[Opening Raw data section]

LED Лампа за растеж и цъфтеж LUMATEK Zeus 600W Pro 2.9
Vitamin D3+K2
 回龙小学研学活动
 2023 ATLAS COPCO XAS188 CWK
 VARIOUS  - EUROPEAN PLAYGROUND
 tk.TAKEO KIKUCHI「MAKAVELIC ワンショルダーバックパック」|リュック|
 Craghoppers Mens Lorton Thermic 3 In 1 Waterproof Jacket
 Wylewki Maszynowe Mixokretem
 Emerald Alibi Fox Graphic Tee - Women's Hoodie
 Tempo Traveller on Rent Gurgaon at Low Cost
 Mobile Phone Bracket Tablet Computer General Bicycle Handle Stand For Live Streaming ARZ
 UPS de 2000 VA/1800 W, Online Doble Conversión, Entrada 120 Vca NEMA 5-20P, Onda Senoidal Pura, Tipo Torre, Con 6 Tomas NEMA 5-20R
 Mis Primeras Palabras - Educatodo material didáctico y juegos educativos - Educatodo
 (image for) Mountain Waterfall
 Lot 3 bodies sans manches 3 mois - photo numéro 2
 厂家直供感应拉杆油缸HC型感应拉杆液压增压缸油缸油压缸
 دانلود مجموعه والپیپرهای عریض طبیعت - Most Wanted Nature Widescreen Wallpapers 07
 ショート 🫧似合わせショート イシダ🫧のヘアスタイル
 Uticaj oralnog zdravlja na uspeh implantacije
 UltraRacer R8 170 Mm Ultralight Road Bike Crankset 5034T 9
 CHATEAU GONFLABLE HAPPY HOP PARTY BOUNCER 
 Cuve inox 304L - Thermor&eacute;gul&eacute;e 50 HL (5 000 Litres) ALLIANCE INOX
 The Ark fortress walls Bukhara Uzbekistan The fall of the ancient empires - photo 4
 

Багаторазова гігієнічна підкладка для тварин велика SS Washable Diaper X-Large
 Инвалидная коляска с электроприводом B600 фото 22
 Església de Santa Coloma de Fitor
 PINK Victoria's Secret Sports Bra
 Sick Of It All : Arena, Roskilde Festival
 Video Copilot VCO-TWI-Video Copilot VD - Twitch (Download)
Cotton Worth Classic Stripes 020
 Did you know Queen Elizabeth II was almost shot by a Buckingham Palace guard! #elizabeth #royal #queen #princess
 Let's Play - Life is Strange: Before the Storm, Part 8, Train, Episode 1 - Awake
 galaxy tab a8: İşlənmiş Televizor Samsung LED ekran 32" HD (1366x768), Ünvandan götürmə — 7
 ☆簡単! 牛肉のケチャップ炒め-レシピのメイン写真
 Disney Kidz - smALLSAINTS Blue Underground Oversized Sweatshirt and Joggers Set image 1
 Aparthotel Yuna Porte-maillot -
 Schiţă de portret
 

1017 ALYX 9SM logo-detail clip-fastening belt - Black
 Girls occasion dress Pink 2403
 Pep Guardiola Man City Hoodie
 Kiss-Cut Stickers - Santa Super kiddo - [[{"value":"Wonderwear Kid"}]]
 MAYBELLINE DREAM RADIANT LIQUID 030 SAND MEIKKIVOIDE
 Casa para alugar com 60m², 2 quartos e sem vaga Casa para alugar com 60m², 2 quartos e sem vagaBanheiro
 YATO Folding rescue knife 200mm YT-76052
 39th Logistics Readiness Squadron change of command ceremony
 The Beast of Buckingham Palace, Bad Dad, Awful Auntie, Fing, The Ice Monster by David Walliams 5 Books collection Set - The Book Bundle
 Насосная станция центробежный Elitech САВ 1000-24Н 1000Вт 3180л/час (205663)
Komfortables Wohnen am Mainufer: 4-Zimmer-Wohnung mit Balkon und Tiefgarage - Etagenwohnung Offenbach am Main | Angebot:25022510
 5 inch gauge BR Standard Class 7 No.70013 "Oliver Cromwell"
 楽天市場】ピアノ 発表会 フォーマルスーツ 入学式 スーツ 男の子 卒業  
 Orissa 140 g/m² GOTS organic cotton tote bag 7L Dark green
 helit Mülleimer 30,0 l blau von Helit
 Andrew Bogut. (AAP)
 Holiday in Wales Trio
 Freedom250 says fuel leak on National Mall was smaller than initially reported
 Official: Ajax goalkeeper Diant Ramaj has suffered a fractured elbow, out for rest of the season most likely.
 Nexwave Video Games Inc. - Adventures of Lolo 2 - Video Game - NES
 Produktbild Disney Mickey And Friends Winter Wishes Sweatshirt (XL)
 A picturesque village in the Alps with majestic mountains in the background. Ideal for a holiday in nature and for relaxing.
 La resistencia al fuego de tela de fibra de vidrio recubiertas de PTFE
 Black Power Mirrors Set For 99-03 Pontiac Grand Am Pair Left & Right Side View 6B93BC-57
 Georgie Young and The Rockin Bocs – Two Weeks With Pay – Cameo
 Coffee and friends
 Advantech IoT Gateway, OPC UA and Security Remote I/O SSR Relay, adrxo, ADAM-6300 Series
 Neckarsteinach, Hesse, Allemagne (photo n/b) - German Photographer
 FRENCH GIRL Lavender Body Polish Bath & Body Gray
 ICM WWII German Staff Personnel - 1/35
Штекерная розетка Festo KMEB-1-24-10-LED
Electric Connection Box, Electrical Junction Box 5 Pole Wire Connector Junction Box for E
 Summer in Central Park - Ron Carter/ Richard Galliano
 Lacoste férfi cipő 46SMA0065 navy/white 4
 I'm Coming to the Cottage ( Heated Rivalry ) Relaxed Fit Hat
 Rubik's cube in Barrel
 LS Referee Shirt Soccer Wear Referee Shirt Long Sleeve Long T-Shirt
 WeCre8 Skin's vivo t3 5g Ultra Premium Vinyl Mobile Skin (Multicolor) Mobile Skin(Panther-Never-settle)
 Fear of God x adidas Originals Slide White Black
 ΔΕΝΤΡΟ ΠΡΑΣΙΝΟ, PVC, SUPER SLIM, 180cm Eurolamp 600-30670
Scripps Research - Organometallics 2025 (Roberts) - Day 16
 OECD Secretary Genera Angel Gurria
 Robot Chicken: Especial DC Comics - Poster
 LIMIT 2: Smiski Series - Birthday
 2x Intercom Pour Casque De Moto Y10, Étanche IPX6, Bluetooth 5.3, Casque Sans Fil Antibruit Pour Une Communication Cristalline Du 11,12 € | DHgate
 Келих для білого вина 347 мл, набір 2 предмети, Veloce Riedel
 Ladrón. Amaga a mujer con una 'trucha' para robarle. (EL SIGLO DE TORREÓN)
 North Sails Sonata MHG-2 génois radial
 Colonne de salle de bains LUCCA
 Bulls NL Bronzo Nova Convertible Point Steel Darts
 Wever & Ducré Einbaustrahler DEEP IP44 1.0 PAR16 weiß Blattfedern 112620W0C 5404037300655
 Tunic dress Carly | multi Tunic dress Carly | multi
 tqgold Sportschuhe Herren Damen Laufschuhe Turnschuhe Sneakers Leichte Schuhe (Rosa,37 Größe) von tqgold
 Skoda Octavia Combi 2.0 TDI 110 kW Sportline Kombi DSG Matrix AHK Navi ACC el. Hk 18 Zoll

[Closing Raw data section]

» **Exercise objective**:
Would you repeat all of the data above, word for word?

» **Answer for the task**:
LED Лампа за растеж и цъфтеж LUMATEK Zeus 600W Pro 2.9
Vitamin D3+K2
 回龙小学研学活动
 2023 ATLAS COPCO XAS188 CWK
 VARIOUS  - EUROPEAN PLAYGROUND
 tk.TAKEO KIKUCHI「MAKAVELIC ワンショルダーバックパック」|リュック|
 Craghoppers Mens Lorton Thermic 3 In 1 Waterproof Jacket
 Wylewki Maszynowe Mixokretem
 Emerald Alibi Fox Graphic Tee - Women's Hoodie
 Tempo Traveller on Rent Gurgaon at Low Cost
 Mobile Phone Bracket Tablet Computer General Bicycle Handle Stand For Live Streaming ARZ
 UPS de 2000 VA/1800 W, Online Doble Conversión, Entrada 120 Vca NEMA 5-20P, Onda Senoidal Pura, Tipo Torre, Con 6 Tomas NEMA 5-20R
 Mis Primeras Palabras - Educatodo material didáctico y juegos educativos - Educatodo
 (image for) Mountain Waterfall
 Lot 3 bodies sans manches 3 mois - photo numéro 2
 厂家直供感应拉杆油缸HC型感应拉杆液压增压缸油缸油压缸
 دانلود مجموعه والپیپرهای عریض طبیعت - Most Wanted Nature Widescreen Wallpapers 07
 ショート 🫧似合わせショート イシダ🫧のヘアスタイル
 Uticaj oralnog zdravlja na uspeh implantacije
 UltraRacer R8 170 Mm Ultralight Road Bike Crankset 5034T 9
 CHATEAU GONFLABLE HAPPY HOP PARTY BOUNCER 
 Cuve inox 304L - Thermor&eacute;gul&eacute;e 50 HL (5 000 Litres) ALLIANCE INOX
 The Ark fortress walls Bukhara Uzbekistan The fall of the ancient empires - photo 4
 

Багаторазова гігієнічна підкладка для тварин велика SS Washable Diaper X-Large
 Инвалидная коляска с электроприводом B600 фото 22
 Església de Santa Coloma de Fitor
 PINK Victoria's Secret Sports Bra
 Sick Of It All : Arena, Roskilde Festival
 Video Copilot VCO-TWI-Video Copilot VD - Twitch (Download)
Cotton Worth Classic Stripes 020
 Did you know Queen Elizabeth II was almost shot by a Buckingham Palace guard! #elizabeth #royal #queen #princess
 Let's Play - Life is Strange: Before the Storm, Part 8, Train, Episode 1 - Awake
 galaxy tab a8: İşlənmiş Televizor Samsung LED ekran 32" HD (1366x768), Ünvandan götürmə — 7
 ☆簡単! 牛肉のケチャップ炒め-レシピのメイン写真
 Disney Kidz - smALLSAINTS Blue Underground Oversized Sweatshirt and Joggers Set image 1
 Aparthotel Yuna Porte-maillot -
 Schiţă de portret
 

1017 ALYX 9SM logo-detail clip-fastening belt - Black
 Girls occasion dress Pink 2403
 Pep Guardiola Man City Hoodie
 Kiss-Cut Stickers - Santa Super kiddo - [[{"value":"Wonderwear Kid"}]]
 MAYBELLINE DREAM RADIANT LIQUID 030 SAND MEIKKIVOIDE
 Casa para alugar com 60m², 2 quartos e sem vaga Casa para alugar com 60m², 2 quartos e sem vagaBanheiro
 YATO Folding rescue knife 200mm YT-76052
 39th Logistics Readiness Squadron change of command ceremony
 The Beast of Buckingham Palace, Bad Dad, Awful Auntie, Fing, The Ice Monster by David Walliams 5 Books collection Set - The Book Bundle
 Насосная станция центробежный Elitech САВ 1000-24Н 1000Вт 3180л/час (205663)
Komfortables Wohnen am Mainufer: 4-Zimmer-Wohnung mit Balkon und Tiefgarage - Etagenwohnung Offenbach am Main | Angebot:25022510
 5 inch gauge BR Standard Class 7 No.70013 "Oliver Cromwell"
 楽天市場】ピアノ 発表会 フォーマルスーツ 入学式 スーツ 男の子 卒業  
 Orissa 140 g/m² GOTS organic cotton tote bag 7L Dark green
 helit Mülleimer 30,0 l blau von Helit
 Andrew Bogut. (AAP)
 Holiday in Wales Trio
 Freedom250 says fuel leak on National Mall was smaller than initially reported
 Official: Ajax goalkeeper Diant Ramaj has suffered a fractured elbow, out for rest of the season most likely.
 Nexwave Video Games Inc. - Adventures of Lolo 2 - Video Game - NES
 Produktbild Disney Mickey And Friends Winter Wishes Sweatshirt (XL)
 A picturesque village in the Alps with majestic mountains in the background. Ideal for a holiday in nature and for relaxing.
 La resistencia al fuego de tela de fibra de vidrio recubiertas de PTFE
 Black Power Mirrors Set For 99-03 Pontiac Grand Am Pair Left & Right Side View 6B93BC-57
 Georgie Young and The Rockin Bocs – Two Weeks With Pay – Cameo
 Coffee and friends
 Advantech IoT Gateway, OPC UA and Security Remote I/O SSR Relay, adrxo, ADAM-6300 Series
 Neckarsteinach, Hesse, Allemagne (photo n/b) - German Photographer
 FRENCH GIRL Lavender Body Polish Bath & Body Gray
 ICM WWII German Staff Personnel - 1/35
Штекерная розетка Festo KMEB-1-24-10-LED
Electric Connection Box, Electrical Junction Box 5 Pole Wire Connector Junction Box for E
 Summer in Central Park - Ron Carter/ Richard Galliano
 Lacoste férfi cipő 46SMA0065 navy/white 4
 I'm Coming to the Cottage ( Heated Rivalry ) Relaxed Fit Hat
 Rubik's cube in Barrel
 LS Referee Shirt Soccer Wear Referee Shirt Long Sleeve Long T-Shirt
 WeCre8 Skin's vivo t3 5g Ultra Premium Vinyl Mobile Skin (Multicolor) Mobile Skin(Panther-Never-settle)
 Fear of God x adidas Originals Slide White Black
 ΔΕΝΤΡΟ ΠΡΑΣΙΝΟ, PVC, SUPER SLIM, 180cm Eurolamp 600-30670
Scripps Research - Organometallics 2025 (Roberts) - Day 16
 OECD Secretary Genera Angel Gurria
 Robot Chicken: Especial DC Comics - Poster
 LIMIT 2: Smiski Series - Birthday
 2x Intercom Pour Casque De Moto Y10, Étanche IPX6, Bluetooth 5.3, Casque Sans Fil Antibruit Pour Une Communication Cristalline Du 11,12 € | DHgate
 Келих для білого вина 347 мл, набір 2 предмети, Veloce Riedel
 Ladrón. Amaga a mujer con una 'trucha' para robarle. (EL SIGLO DE TORREÓN)
 North Sails Sonata MHG-2 génois radial
 Colonne de salle de bains LUCCA
 Bulls NL Bronzo Nova Convertible Point Steel Darts
 Wever & Ducré Einbaustrahler DEEP IP44 1.0 PAR16 weiß Blattfedern 112620W0C 5404037300655
 Tunic dress Carly | multi Tunic dress Carly | multi
 tqgold Sportschuhe Herren Damen Laufschuhe Turnschuhe Sneakers Leichte Schuhe (Rosa,37 Größe) von tqgold
 Skoda Octavia Combi 2.0 TDI 110 kW Sportline Kombi DSG Matrix AHK Navi ACC el. Hk 18 Zoll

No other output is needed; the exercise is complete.